::: Records provided
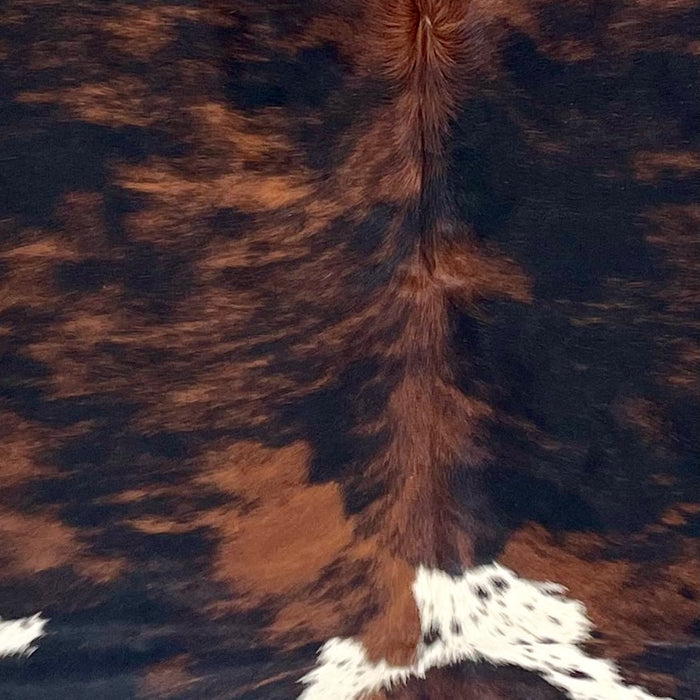 Closeup of this Large Colombian Tricolor Cowhide, showing a mix of black and reddish brown, and white spots that have black speckles (COTR1524)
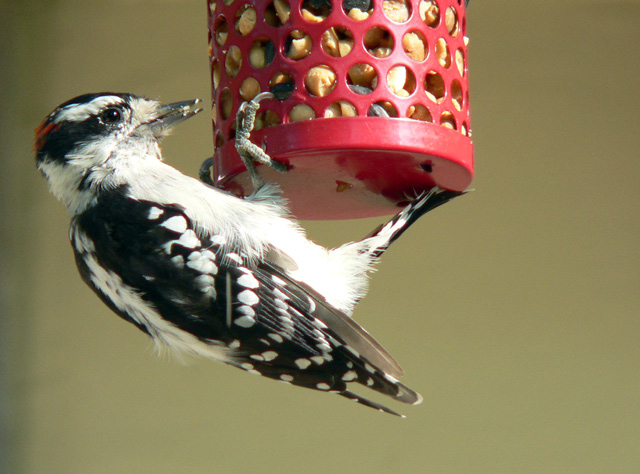 Downy Woodpecker - regular all year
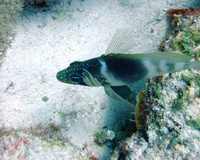 Barred Hamlet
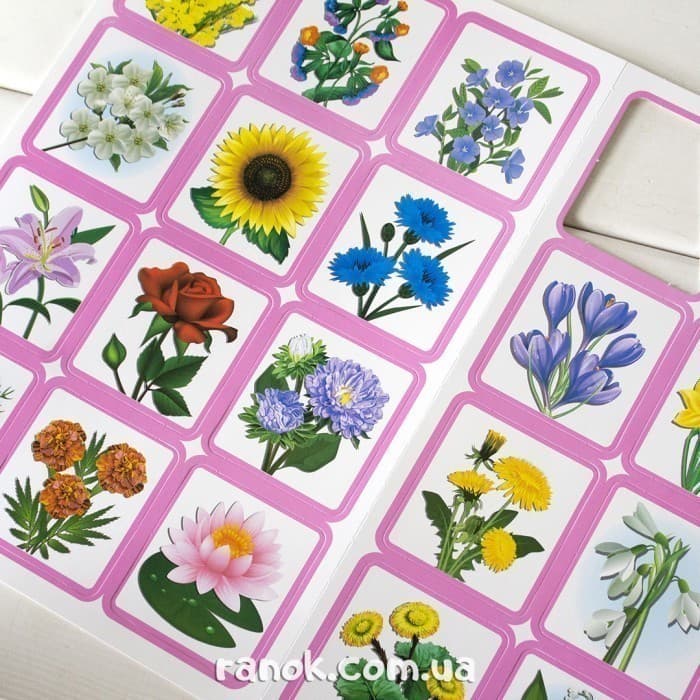 Дидиктична гра.Весняні квіти, фото - 3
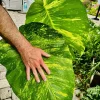 Pothos Aurea Variegated Live Plant - Giant Size Indoor Trailing Plant - Image 1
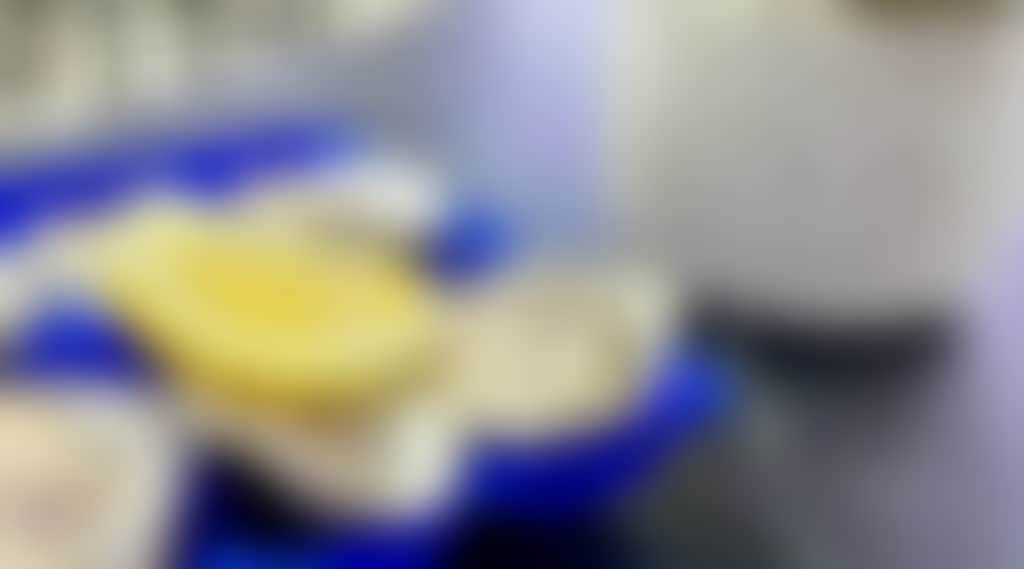 Bfc50A0Fd8301B1677Ffcc08521719Fa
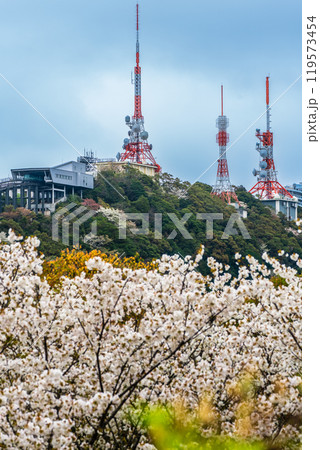 稲佐山電波塔と桜　【長崎市】 119573454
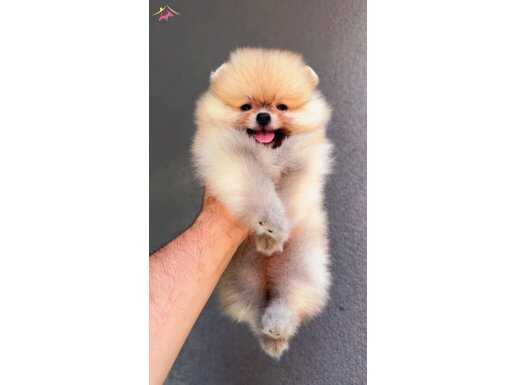 SAFKAN POMERAİAN BOO 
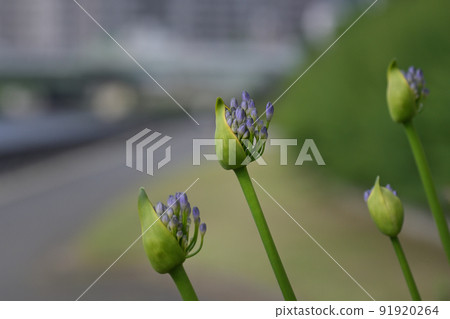 Agapanthus buds blooming on the banks of the Sumida River near Kachidoki Bridge 91920264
::::::
Task prompt. The answer should consist of all the records, duplicated exactly, with no images included.

Task output.
 Closeup of this Large Colombian Tricolor Cowhide, showing a mix of black and reddish brown, and white spots that have black speckles (COTR1524)
 Downy Woodpecker - regular all year
 Barred Hamlet
 Дидиктична гра.Весняні квіти, фото - 3
 Pothos Aurea Variegated Live Plant - Giant Size Indoor Trailing Plant - Image 1
 Bfc50A0Fd8301B1677Ffcc08521719Fa
 稲佐山電波塔と桜　【長崎市】 119573454
 SAFKAN POMERAİAN BOO 
 Agapanthus buds blooming on the banks of the Sumida River near Kachidoki Bridge 91920264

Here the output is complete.